Ameya Borkar edited this page Jun 10, 2026 · 5 revisions

Monitoring — ThrottleKit Lens

ThrottleKit Lens is the project's built-in monitoring dashboard — a zero-dependency, read-only board that runs right in your terminal: throttlekit-server --config x.yaml --tui, no browser and no metrics backend. It gives every policy the full operational board across eight tabbed views, and one view no other rate-limiter dashboard renders: live binding-axis attribution. Need it remotely, or from another language? The same state is a read-only gRPC service — the Monitor door (below).

throttlekit-server --config .throttlekit.yaml --tui
#  → gRPC on :50051  +  a live dashboard in your terminal
ThrottleKit · memory · fail-open · 4 policies                 12:04:01 · 60s window
ALLOW 1.2k   DENY 84   7% deny   ▁▂▃▅▇▅▃▂
 Overview │ Latency │ Fairness │ Capacity │ Guarantee │ Cost Room │ Replay │ Plan

─ BINDING AXIS  /  TOP DENIED KEYS ──────────────────────────────────────────────
unified-api  10 denied            user-42     ███████ 312
 rate        ████████████ 61%     tenant-aci  ████ 180
 concurrency █████ 24%            ip-10.0.0.7 ██ 96
 cost        ██ 10%  policy █ 5%

─ CONCURRENCY ───────────────────────────────────────────────────────────────────
checkout    6/8     rtt 12ms      unified-api 4/4  FENCED

─ DENIALS (live) ─────────────────────────────────────────────────────────────────
12:04:01 unified-api   user-42   [concurrency]  rem 0  retry 240ms
12:04:00 api           ip-10.0.0.7 [rate]        rem 0  retry 1.2s

q quit · 1-8/Tab views · ↑↓ scroll · p pause                       0.0.0.0:50051

The dashboard builds on the core's @experimental admissionTap / withAdmissionAnalytics primitives (needs throttlekit >= 1.1.0) and is itself @experimental — it lives outside the 1.x SemVer freeze. (It replaces the former browser-based throttlekit-lens package, which is deprecated.)

Already emitting OpenTelemetry?

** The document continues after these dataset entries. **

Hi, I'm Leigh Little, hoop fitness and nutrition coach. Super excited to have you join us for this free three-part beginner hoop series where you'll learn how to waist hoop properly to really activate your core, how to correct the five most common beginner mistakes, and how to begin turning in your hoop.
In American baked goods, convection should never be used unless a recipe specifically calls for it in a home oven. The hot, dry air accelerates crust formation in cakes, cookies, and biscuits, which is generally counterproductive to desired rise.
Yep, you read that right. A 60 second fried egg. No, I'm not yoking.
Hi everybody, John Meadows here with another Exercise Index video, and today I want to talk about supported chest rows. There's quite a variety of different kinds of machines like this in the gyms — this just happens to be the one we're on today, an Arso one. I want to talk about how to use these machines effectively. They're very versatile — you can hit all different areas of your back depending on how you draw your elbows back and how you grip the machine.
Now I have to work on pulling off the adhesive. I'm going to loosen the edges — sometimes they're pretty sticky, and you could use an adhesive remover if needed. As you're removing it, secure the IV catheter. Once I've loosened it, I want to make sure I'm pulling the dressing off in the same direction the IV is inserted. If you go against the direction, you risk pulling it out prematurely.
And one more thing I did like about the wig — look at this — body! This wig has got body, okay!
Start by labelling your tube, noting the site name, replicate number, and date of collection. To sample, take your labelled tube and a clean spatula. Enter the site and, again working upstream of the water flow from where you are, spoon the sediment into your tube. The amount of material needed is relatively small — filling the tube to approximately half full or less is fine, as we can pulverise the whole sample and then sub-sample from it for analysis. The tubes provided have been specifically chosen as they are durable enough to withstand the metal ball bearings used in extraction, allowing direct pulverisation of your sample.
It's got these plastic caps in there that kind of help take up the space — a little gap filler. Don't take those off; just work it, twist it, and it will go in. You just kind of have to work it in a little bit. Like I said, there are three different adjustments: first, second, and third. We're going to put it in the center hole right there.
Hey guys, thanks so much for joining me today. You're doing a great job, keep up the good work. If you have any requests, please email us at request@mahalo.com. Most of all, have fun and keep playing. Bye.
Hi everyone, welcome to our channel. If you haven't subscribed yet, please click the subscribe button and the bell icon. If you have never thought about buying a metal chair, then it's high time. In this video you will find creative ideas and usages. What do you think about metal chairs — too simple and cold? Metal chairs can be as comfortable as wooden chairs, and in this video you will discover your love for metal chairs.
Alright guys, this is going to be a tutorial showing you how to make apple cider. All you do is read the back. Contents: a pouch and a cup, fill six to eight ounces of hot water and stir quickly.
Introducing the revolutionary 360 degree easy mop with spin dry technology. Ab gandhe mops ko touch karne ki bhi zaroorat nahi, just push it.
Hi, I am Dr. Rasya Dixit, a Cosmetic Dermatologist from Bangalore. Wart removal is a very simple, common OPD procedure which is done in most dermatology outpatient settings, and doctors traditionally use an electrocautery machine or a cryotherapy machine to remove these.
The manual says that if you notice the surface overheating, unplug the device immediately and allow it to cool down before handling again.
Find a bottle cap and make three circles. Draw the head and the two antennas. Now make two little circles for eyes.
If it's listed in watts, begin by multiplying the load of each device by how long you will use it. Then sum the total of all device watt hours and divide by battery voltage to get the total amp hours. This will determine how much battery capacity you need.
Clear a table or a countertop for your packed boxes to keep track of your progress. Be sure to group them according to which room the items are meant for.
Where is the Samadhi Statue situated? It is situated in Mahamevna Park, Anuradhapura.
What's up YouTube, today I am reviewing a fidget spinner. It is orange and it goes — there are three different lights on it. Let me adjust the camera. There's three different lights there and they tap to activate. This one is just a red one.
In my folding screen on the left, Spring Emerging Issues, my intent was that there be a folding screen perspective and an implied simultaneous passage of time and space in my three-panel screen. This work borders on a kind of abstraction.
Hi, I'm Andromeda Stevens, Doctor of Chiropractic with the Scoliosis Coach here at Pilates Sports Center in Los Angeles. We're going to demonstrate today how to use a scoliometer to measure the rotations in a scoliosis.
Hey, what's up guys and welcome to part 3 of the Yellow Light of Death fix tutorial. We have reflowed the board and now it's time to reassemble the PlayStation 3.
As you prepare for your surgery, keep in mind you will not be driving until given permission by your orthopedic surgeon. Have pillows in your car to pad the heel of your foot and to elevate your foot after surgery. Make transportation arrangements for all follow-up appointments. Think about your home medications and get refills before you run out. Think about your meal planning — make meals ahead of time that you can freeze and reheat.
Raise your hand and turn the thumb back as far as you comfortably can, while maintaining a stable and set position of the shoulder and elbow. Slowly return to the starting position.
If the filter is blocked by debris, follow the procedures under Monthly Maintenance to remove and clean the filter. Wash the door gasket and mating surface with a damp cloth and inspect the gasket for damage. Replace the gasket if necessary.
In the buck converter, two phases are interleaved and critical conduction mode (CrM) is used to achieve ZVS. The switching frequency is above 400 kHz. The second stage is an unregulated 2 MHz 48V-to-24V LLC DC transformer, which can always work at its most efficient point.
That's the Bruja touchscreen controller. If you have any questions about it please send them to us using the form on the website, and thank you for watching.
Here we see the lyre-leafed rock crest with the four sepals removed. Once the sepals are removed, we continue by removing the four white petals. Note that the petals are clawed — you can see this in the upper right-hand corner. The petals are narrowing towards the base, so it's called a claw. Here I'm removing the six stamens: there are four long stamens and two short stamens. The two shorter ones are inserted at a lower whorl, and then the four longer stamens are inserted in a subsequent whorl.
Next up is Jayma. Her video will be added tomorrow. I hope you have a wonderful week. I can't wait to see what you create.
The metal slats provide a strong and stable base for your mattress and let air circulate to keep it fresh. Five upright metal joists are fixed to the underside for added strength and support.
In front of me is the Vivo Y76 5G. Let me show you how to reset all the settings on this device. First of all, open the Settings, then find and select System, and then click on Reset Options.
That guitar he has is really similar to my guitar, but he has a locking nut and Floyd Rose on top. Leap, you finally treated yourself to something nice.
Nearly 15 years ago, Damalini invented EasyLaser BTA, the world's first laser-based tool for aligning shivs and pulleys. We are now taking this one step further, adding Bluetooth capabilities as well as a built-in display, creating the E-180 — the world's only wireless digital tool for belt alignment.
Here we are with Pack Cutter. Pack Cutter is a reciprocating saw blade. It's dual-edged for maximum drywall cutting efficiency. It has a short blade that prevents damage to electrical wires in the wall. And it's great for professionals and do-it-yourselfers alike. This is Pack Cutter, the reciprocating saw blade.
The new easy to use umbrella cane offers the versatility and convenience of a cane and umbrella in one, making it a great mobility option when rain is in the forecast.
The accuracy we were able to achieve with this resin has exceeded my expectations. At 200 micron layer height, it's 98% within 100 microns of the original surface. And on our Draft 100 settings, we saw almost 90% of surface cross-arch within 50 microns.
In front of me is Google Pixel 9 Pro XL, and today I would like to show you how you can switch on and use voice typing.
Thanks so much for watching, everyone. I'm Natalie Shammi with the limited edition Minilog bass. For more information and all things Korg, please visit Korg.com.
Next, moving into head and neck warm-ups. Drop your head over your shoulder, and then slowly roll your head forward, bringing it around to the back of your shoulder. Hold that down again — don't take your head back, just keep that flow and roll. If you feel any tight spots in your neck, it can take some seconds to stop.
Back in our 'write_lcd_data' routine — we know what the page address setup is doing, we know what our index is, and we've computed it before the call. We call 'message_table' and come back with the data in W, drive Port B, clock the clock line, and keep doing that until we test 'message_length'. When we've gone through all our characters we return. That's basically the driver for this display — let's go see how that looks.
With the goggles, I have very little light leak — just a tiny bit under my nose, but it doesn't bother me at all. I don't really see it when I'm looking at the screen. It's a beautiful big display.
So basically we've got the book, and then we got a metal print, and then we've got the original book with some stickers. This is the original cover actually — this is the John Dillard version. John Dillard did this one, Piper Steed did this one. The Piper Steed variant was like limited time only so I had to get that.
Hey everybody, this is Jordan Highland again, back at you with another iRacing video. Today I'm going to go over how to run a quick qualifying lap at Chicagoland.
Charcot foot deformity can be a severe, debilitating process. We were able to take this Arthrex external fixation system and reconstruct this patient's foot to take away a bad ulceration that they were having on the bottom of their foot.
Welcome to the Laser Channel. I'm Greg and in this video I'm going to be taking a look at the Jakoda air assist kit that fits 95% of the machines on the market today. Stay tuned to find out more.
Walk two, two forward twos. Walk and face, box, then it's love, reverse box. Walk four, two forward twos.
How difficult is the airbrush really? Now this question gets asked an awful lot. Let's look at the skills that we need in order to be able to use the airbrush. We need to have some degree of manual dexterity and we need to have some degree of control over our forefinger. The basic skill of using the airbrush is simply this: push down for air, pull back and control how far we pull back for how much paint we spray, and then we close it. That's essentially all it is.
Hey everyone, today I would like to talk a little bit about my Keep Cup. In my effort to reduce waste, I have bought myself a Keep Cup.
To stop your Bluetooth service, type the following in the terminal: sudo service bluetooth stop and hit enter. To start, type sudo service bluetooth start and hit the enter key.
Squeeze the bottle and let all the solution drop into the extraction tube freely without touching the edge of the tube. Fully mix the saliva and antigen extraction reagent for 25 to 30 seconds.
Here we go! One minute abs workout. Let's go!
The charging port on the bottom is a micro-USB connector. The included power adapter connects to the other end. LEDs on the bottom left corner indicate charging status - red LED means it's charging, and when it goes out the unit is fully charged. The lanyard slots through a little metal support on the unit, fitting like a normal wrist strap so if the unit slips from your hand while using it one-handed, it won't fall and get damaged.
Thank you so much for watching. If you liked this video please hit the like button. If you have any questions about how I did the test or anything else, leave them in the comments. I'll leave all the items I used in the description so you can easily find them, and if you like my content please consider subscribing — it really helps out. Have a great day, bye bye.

Keep doing that — the dashboard doesn't replace your metrics backend (see Operations for the OTel layer). It is the no-backend, see-it-now view for an interactive terminal, and it carries a signal Prometheus/Grafana structurally can't: which axis bound each denial, per key, with exact numbers.

The hero — which axis is throttling you, right now

Most rate-limit dashboards tell you that requests were denied. Because ThrottleKit composes rate × concurrency × cost in a single unifiedAdmission decision, this one tells you which constraint actually bound each denialrate, concurrency, cost, or the joint-LP policy lane — as a live per-lane breakdown, beside the live denial feed where each row carries the lane tag and the exact per-axis numbers (remaining / retryAfter) that produced it: the literal "why was this throttled, with numbers."

This is structural, not a UI trick. bindingAxis is minted end-to-end inside unified admission. As of 1.2.0 you can also export it to Grafana as an aggregate counter — throttlekit.denies_by_axis{lane}, via instrumentAdmitter (the deliberate escape hatch for headless/production; see Operations and docs/METRICS.md). The terminal dashboard goes further than a counter can: a live, per-key view with the exact per-axis Decision a metric can't carry (per-key axis numbers would be unbounded label cardinality).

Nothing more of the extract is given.